Verified? I said to my colleagues in the control room.
Verified, said my assistant, John, who looked up from his console to wipe a solitary tear from his eye.
Do we have cargo space? I asked.
We’ve secured a tranche of evening bot-time, as well as segments of traditional media, John said.
And we’ve backtested it?
Simulated rollouts show state-of-the-art engagement.
Okay folks, I said. Let’s make some art.

It’s always anticlimactic, the moment where you turn it on. There’s a lag from anywhere between a sub-second a full minute, depending on the size of the system. Then the dangerous part – it’s easy to get fixated on earlier versions of the output, easy to find yourself getting more emotional at the stuff you see early in training than the stuff that appears later. Easy to want to edit the computer. This is natural. This is a lot like being a parent, someone told you in a presentation on ‘workplace psychology for reliable science’. It’s natural to be proud of them when they’ve only just begun to walk. After that, everything seems easy.

We wait. Then the terminal prints “task completion”. We send our creation out onto the internet and the radio and the airwaves: full multi-spectrum broadcast. Everyone’s going to see it. We don’t watch the output ourselves – though we’ll review it in our stand-up meeting tomorrow.

Here, in the sealed bunker, I am briefly convinced I can hear cheering begin to come from the street outside. I am imagining people standing up, eyes welling with tears of laughter and pain, as they receive our broadcast. I am trying to imagine what a state-of-the-art Emotion Evaluation Understudy system means.

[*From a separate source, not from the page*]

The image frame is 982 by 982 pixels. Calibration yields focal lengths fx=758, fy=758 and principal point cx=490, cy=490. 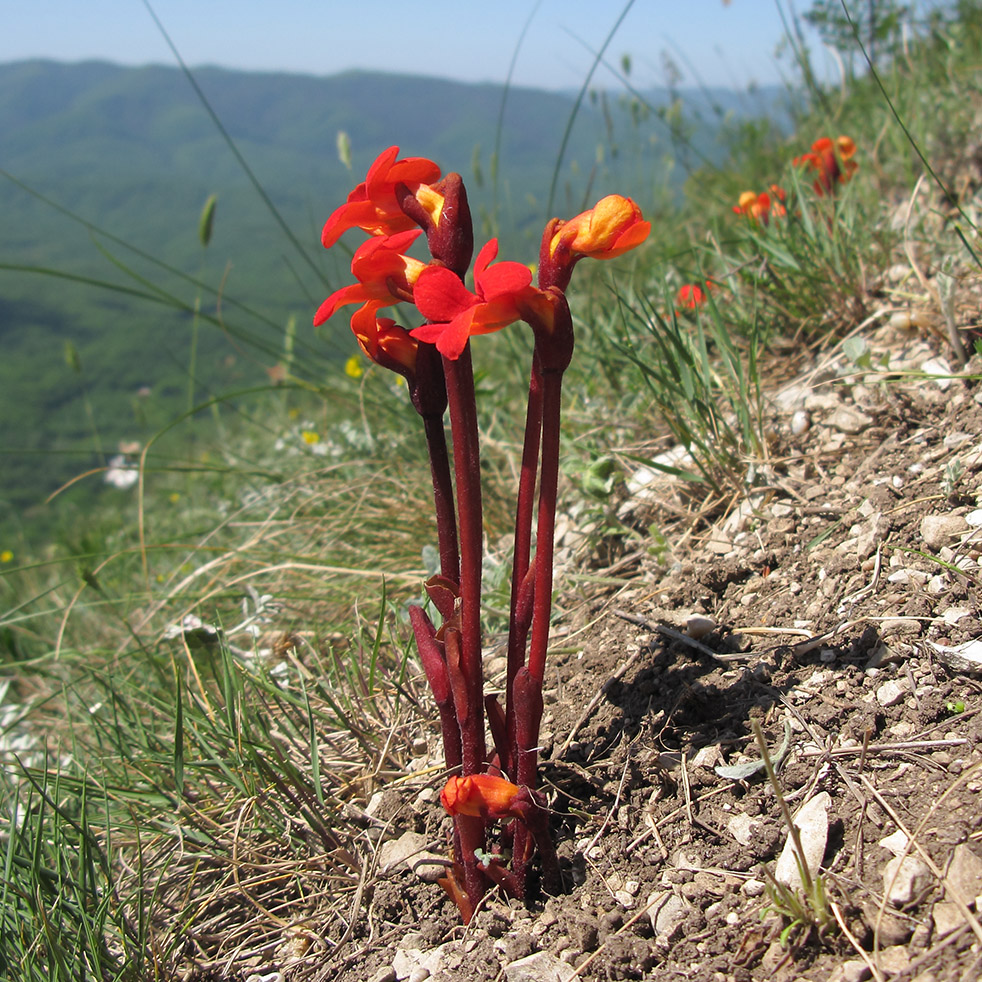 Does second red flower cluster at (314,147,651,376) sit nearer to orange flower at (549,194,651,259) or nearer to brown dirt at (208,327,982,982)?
orange flower at (549,194,651,259)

Things that inspired this story: AI+Creativity, taken to its logical conclusion; the ‘Two hands are a lot’ blog post from Dominic Cummings; BLEU scores and the general mis-leading nature of metrics; nudge campaigns; political messaging; synthetic text advances; likely advances in audio and video synthesis; a dream I had at the turn of 2019/2020 in which I found myself in a control room carefully dialing in the parameters of a language model, not paying attention to the words but knowing that each variable I tuned inspired a different feeling.